Horizon 2'yi geciktiren Kevin Costner'a 400 bin dolarlık dava

Fotoğraf: Reuters
Fotoğraf: Reuters
TT

Horizon 2'yi geciktiren Kevin Costner'a 400 bin dolarlık dava

Fotoğraf: Reuters
Fotoğraf: Reuters

Kevin Costner, Horizon: An American Saga - Chapter 2'nin ertelenmesinin ardından yeni bir davayla karşı karşıya.

The Bodyguard'ın 70 yaşındaki yıldızı, filme kostüm sağlamayı kabul eden Western Costume Leasing Company tarafından sözleşme ihlali nedeniyle dava ediliyor. Şirket, 400 bin doların üzerinde tazminat ve avukatlık ücreti talep ediyor.

Us Magazine'in haberine göre dava Los Angeles County Yüksek Mahkemesi'nde açıldı. Başvuruda Costner'la diğer davalıların Western Costume'le anlaştıkları ve "kostümlerin bedelini ödemeyi ve hasarsız şekilde geri vermeyi kabul ettikleri" öne sürüldü.

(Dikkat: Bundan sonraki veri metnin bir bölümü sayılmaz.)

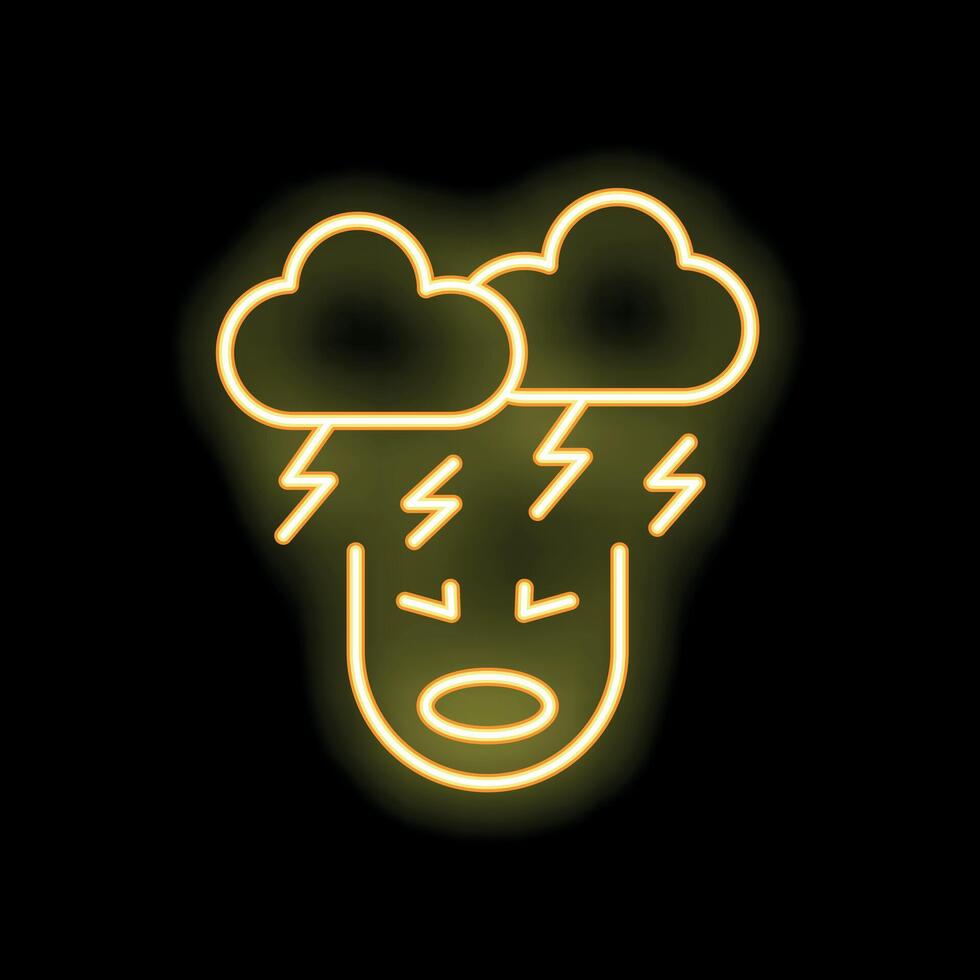 Neon sign representing a face expressing anger with storm clouds and lightning vector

Davalılar, yapım şirketinin 134 bin 256,82 dolarlık ödenmemiş faturası olduğunu iddia ediyor. Bu faturanın ödenmesini istiyor ve diğer "ilgili ücretler ve masraflarla" birlikte toplamda "200 bin doları aşan" bir tutar oluşacağını öngörüyorlar. Ayrıca 200 bin dolar daha avukatlık ücreti talep ediyorlar.

Independent, cevap hakkı için Costner'ın temsilcileriyle iletişime geçti.

Seri olması planlanan Horizon'ın ilk filmi Haziran 2024'te gösterime girmiş ve gişede 50 milyon dolarlık bütçesini çıkaramamıştı. Eleştirmenler tarafından da yerden yere vurulmuş, The Independent'tan Clarisse Loughrey filme 5 üzerinden iki yıldız vermişti.

Loughrey, "Kevin Costner'ın 4 hatta belki de 5 bölümden oluşacak kovboy destanının ilk bölümü, vahşi batı tema parkında üç saatlik gezintiye eşdeğer" diye yazmıştı.

Eğer Stetson şapka, üzengi ve altıpatlar hayranıysanız ve bolca sabrınız varsa deneyimden keyif alabilirsiniz. Ama düzgün bir şekilde ata binmeden önce çok fazla beklemeniz gerekiyor.

Serinin ikinci filminin başlangıçta Ağustos 2024'te gösterime girmesi planlanmıştı. Ancak ilk filmin gişe performansının ardından sinema gösterimi iptal edilmiş ve süresiz olarak ertelenmişti.

Mayısta Costner, ikinci filmin çekimleri sırasında kendisini "senaryoda olmayan" bir tecavüz sahnesinde oynattığı iddiasıyla kadın bir dublör tarafından dava edilmişti.

Oyuncu Ella Hunt'ın baş dublörü Devyn LaBella, davada "Kevin Costner tarafından yönetilen, şiddet içeren, senaryoda yazmayan, planlanmamış bir tecavüz sahnesinin kurbanı olduğunu" iddia etmişti.

34 yaşındaki LaBella ayrıca, tüm çıplaklık veya yakınlaşma sahnelerinde bir samimiyet koordinatörünün bulunması şartıyla işe alındığını da iddia etmişti. Davaya göre bu şart, 2 Mayıs 2023'te LaBella'nın Hunt'ın yerine geçmesi için sete çağrılmasıyla ihlal edildi; Hunt'ın sahneye katılmayı reddettiği öne sürülmüştü.

Costner, bu davayla ilgili tüm iddiaları reddediyor. Avukatı Marty Singer, The Independent'a yaptığı açıklamada, yönetmenin "her zaman filmlerinde çalışan herkesin rahat olmasını sağlamak istediğini ve setteki güvenliği çok ciddiye aldığını" söylemişti.